This is what you get when you spend nearly $6 billion expanding to become a major player in a key Australian business sector, and it all turns to mush – shareholders see the value of their shares plunge and they end the day more than $600 million poorer.
Vocus Communications shares lost nearly a quarter of their value yesterday after the company’s annual meeting in Sydney was shocked by a weak trading upbeat and gloom about the outlook for the next year.
The shares lost nearly 25% to end at $4.35 – wiping out more than $850 million in value after the country’s fourth biggest telecommunications group delivered a grim trading update on the financial impact of its rapid expansion.
In the past 18 months, Vocus completed a $1.2 billion merger with Amcom, then a $3.8 million merger with M2 and finally acquired Nextgen Networks midway through this year for $807 million
And the news wasn’t pretty.
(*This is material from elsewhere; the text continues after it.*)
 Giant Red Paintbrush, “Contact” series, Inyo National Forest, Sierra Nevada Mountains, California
Vocus warned that its most recent acquisition, Nextgen, will not contribute as much to 2016-17 earnings as it first thought.
Nextgen, which operates a national fibre telecom network, is now expected to deliver underlying earnings of around $41 million for eight months in the current financial year, excluding cost savings.
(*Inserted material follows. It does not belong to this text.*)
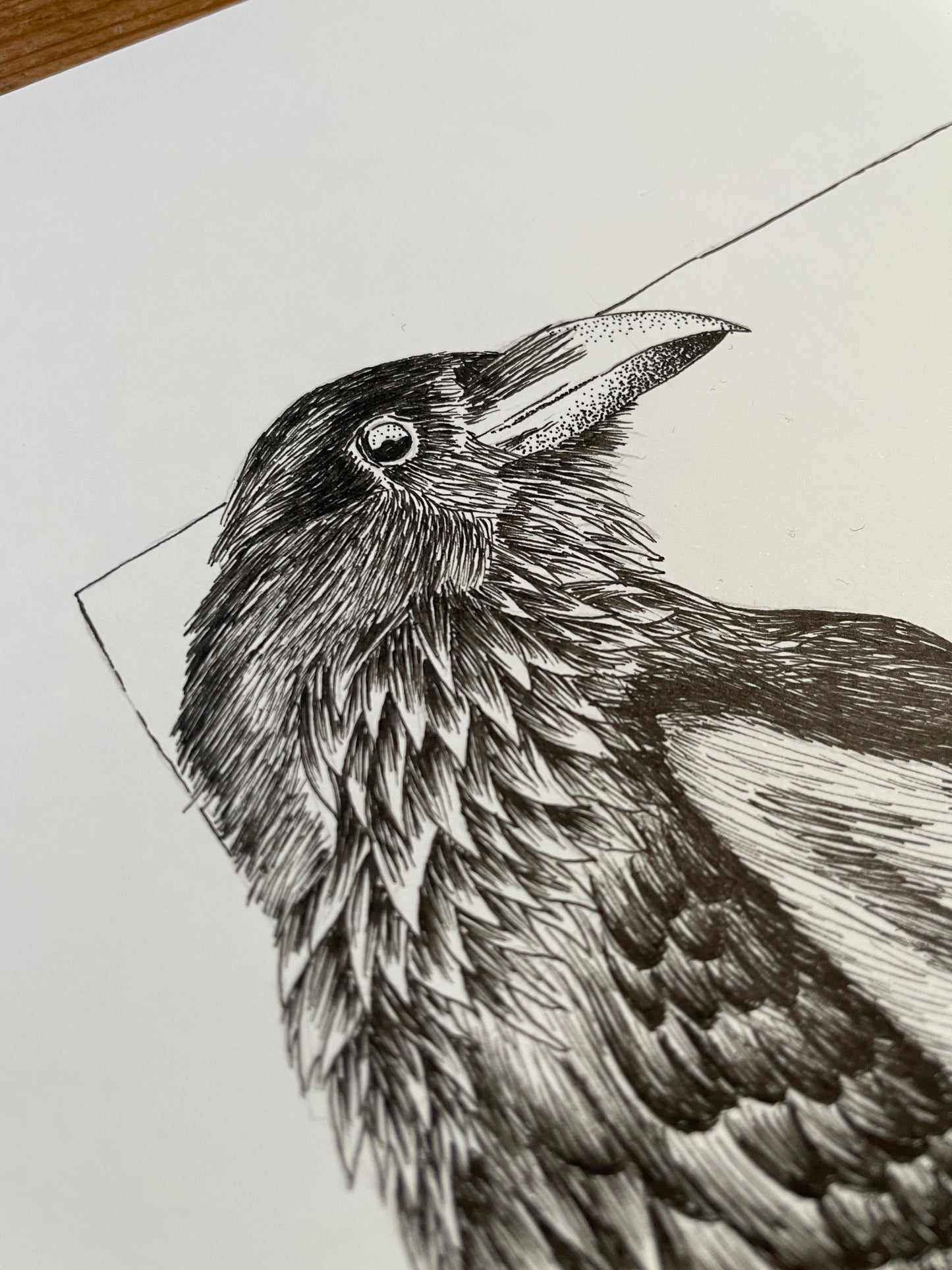 Raven & Wolf (ORIGINAL)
CEO, Geoff Horth said that was below Vocus’ expectations at the time of the acquisition, and blamed what he said were “the high level of customer cancellations, the impact of re-signing of contracts on lower profit margins and slower sales performance” since $800 million deal was announced.
Vocus also reported that overall broadband customer growth was below expectation due to outages on its primary consumer network. As a result, the company expects net growth in broadband subscribers to be lower in 2017 than in the previous year.
But he told the group’s annual meeting in Sydney that the value of the Nextgen business is "strong" and it can rebuild momentum.
Vocus has forecast annual underlying EBITDA of between $430 to $450 million, down from “upper $400 million”, according market expectations.
Vocus expects its full-year result will be skewed towards the second half, partly because of a delay in finalising the Nextgen deal and its underperformance.
Additional investment in consumer sales, marketing and disappointing revenue growth will also weigh on the result. The group forecast annual underlying profit after tax of between $205 million to $215 million and revenue of around $1.9 billion. The result will be up sharply from a year earlier because of its numerous acquisitions, including Amcom, M2 and Nextgen.
The announcement was released ahead of its annual meeting and then reconfirmed to the meeting, which saw a boardroom fight earlier this year re-fought in a series of eight resolutions put to shareholders including the election and re-election of five different directors.
The company said in yesterday’s update (one wasn’t issued in August because the Nextgen deal had been delayed) the expected synergies from the Amcom merger – $13 million to $15 million annually by the end of this financial year – and the M2 merger – $40 million annually by the end of the 2018 financial year – were on track.
Vocus shares are now down more than 40 per cent since the company’s results in August. Former directors James Spenceley and Tony Grist sold large chunks of their holdings in that time.
The pair, founders of Vocus and Amcom respectively, left the company in October after a failed coup to replace CEO Geoff Horth.
Vocus shares have been caught up in panic about shrinking margins from the switch over to the national broadband network, sparked by TPG Telecom which was caught up in the backwash yesterday with its shares losing more than 7% to end at $7. In contrast, Telstra shares ended unchanged on $5.014.